Study with ID 837fafbe-4f40-4e47-8dd7-abb17142caed
------------------------------------------------
Name: hello_samples
Runs:
  - ID: c735ade0-9b28-4b9e-bb46-d9429d7cf61a
    Workspace: /path/to/hello_samples_20250508-161159
Additional Data: {}

The output includes the following fields:

Field Description
ID A unique identifier for the study.
Name The name assigned to the study.
Runs A list of associated runs, with details such as ID and workspace.
Additional Data Any extra metadata stored with the study.

Retrieving Specific Studies

To obtain information about specific studies, users can pass the name or ID of one or more studies to the merlin database get study command.

For example, let's query just the "hello_samples" study:

merlin database get study hello_samples

Which should display just the "hello_samples" study entry:

Study with ID 837fafbe-4f40-4e47-8dd7-abb17142caed
------------------------------------------------
Name: hello_samples
Runs:
  - ID: c735ade0-9b28-4b9e-bb46-d9429d7cf61a
    Workspace: /path/to/hello_samples_20250508-161159
Additional Data: {}

Retrieving All Runs

Using the all-runs option will retrieve and display each run in our database. When displayed, each run will display every field stored in a run entry.

Let's try this out. Executing the following command:

merlin database get all-runs

Will provide output similar to the following:

Run with ID c735ade0-9b28-4b9e-bb46-d9429d7cf61a
------------------------------------------------
Workspace: /path/to/hello_samples_20250508-161159
Study:
  - ID: 837fafbe-4f40-4e47-8dd7-abb17142caed
    Name: hello_samples
Queues: ['[merlin]_step_1_queue', '[merlin]_step_2_queue']
Workers: ['4b0cd8f6-35a3-b484-4603-fa55eb0e7134']
Parent: None
Child: None
Run Complete: False
Additional Data: {}


Run with ID 0bdbae0b-c321-4178-a5a2-ab1ea6067be7
------------------------------------------------
Workspace: /path/to/hello_20250508-161150
Study:
  - ID: 75f49c2d-7135-41a8-a858-efad4ff19961
    Name: hello
Queues: ['[merlin]_merlin']
Workers: ['2f740737-a727-ea7d-6de4-17dc643183bb']
Parent: None
Child: None
Run Complete: False
Additional Data: {}

The output includes the following fields:

Field Description
ID A unique identifier for the run.
Workspace The workspace directory for the run.
Study The unique identifier of the associated study.
Queues A list of queues used by the run.
Workers A list of workers assigned to the run.
Parent The parent run ID, if any.
Child The child run ID, if any.
Run Complete Indicates whether the run is complete.
Additional Data Any extra metadata stored with the run.

Retrieving Specific Runs

To obtain information about specific runs, users can pass the ID or workspace of one or more runs to the merlin database get run command.

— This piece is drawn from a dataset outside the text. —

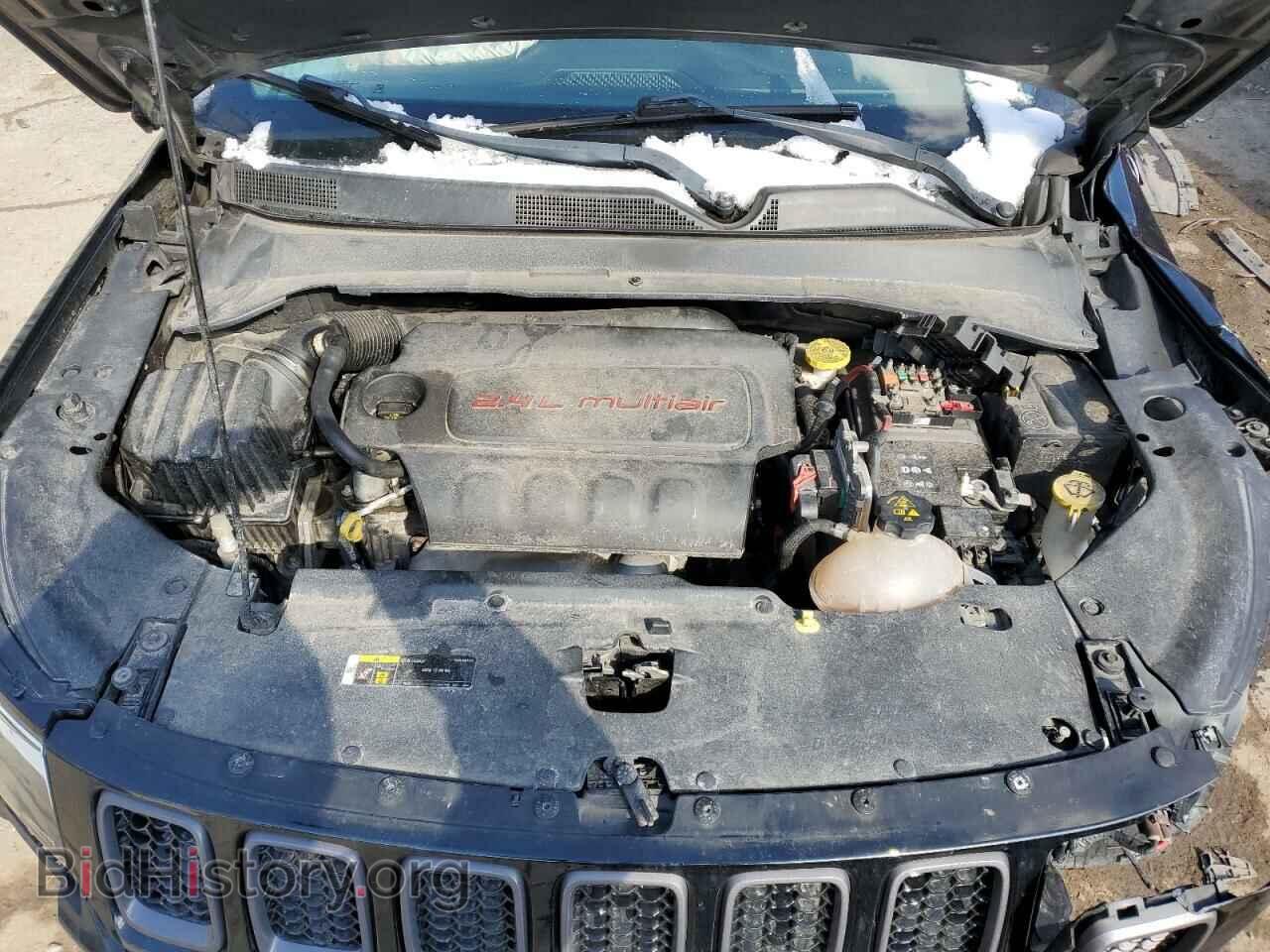 2017 JEEP COMPASS - VIN: 3C4NJDDB8HT635715 - Фото 11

For example, let's query the run associated with the "hello" study:

merlin database get run f93eecdf-d573-43d1-a3f9-c728c15802ea

Which should display just the one run entry:

Run with ID 0bdbae0b-c321-4178-a5a2-ab1ea6067be7
------------------------------------------------
Workspace: /path/to/hello_20250508-161150
Study:
  - ID: 75f49c2d-7135-41a8-a858-efad4ff19961
    Name: hello
Queues: ['[merlin]_merlin']
Workers: ['2f740737-a727-ea7d-6de4-17dc643183bb']
Parent: None
Child: None
Run Complete: False
Additional Data: {}

Retrieving All Logical Workers

Using the all-logical-workers option will retrieve and display each logical worker in our database. When displayed, each logical worker will display every field stored in a logical worker entry.

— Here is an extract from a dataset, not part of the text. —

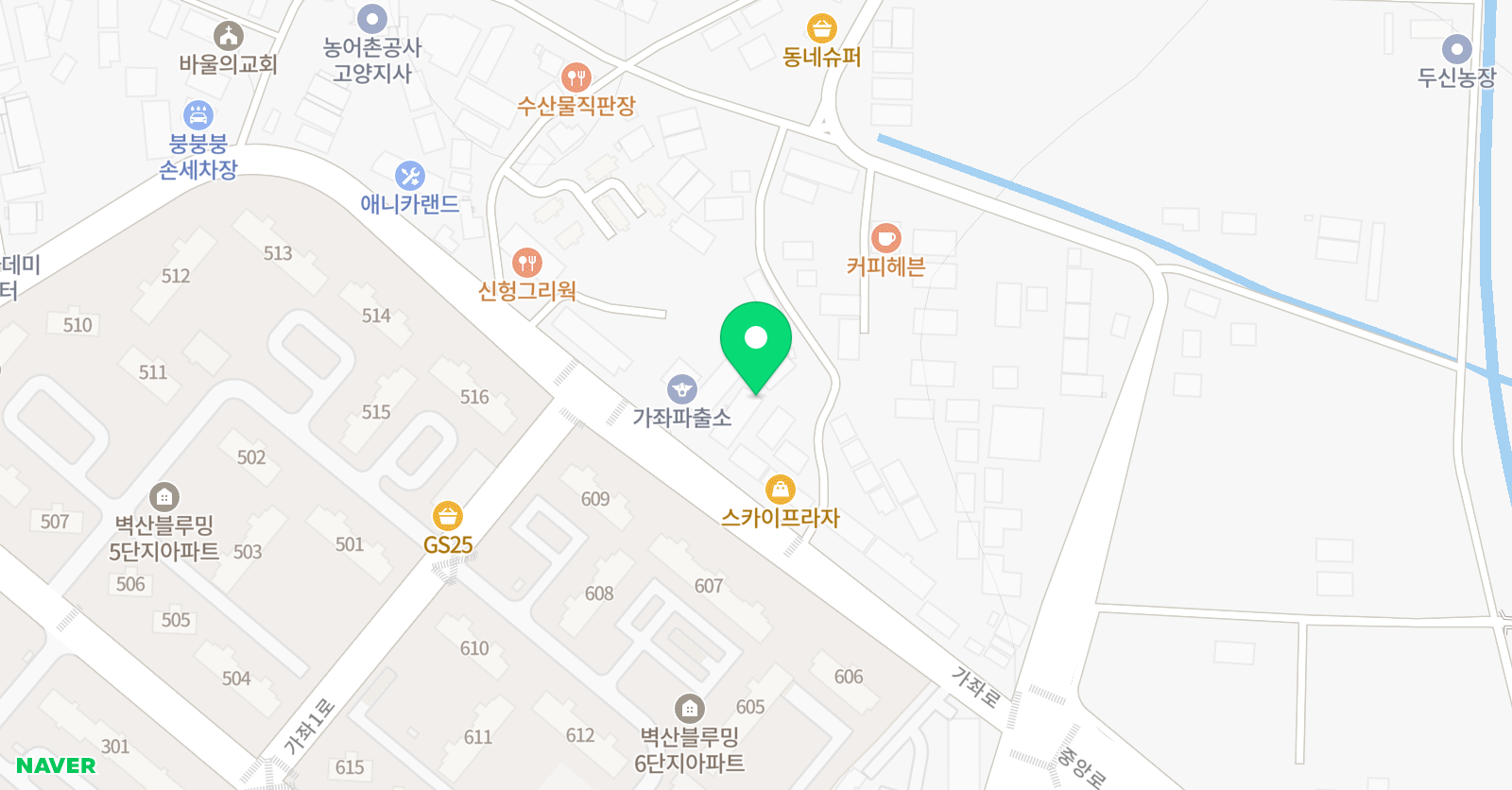오마 FC 위치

Let's try this out. Executing the following command:

merlin database get all-logical-workers

Will provide output similar to the following:

Logical Worker with ID 4b0cd8f6-35a3-b484-4603-fa55eb0e7134
------------------------------------------------
Name: hello_samples_worker
Runs:
  - ID: c735ade0-9b28-4b9e-bb46-d9429d7cf61a
    Workspace: /path/to/hello_samples_20250508-161159
Queues: {'[merlin]_step_1_queue', '[merlin]_step_2_queue'}
Physical Workers:
  - ID: 9a6b8bec-2ede-4a8c-bb07-0778c5c5f356
    Name: celery@hello_samples_worker.%ruby10
Additional Data: {}


Logical Worker with ID 2f740737-a727-ea7d-6de4-17dc643183bb
------------------------------------------------
Name: hello_worker
Runs:
  - ID: 0bdbae0b-c321-4178-a5a2-ab1ea6067be7
    Workspace: /path/to/hello_20250508-161150
Queues: {'[merlin]_merlin'}
Physical Workers:
  - ID: 8549ed5f-83df-4922-aaac-16f676112322
    Name: celery@hello_worker.%ruby9
Additional Data: {}

The output includes the following fields:

Field Description
ID A unique identifier for the logical worker.
Name The name of the logical worker from the spec.
Runs The runs utilizing this logical worker.
Queues A list of queues that the logical worker’s physical instances will consume tasks from.
Physical Workers A list of physical worker instantiations of this logical worker.
Additional Data Any extra metadata stored with the logical worker.

Retrieving Specific Logical Workers

To obtain information about specific logical workers, users can pass the ID of one or more logical workers to the merlin database get logical-worker command.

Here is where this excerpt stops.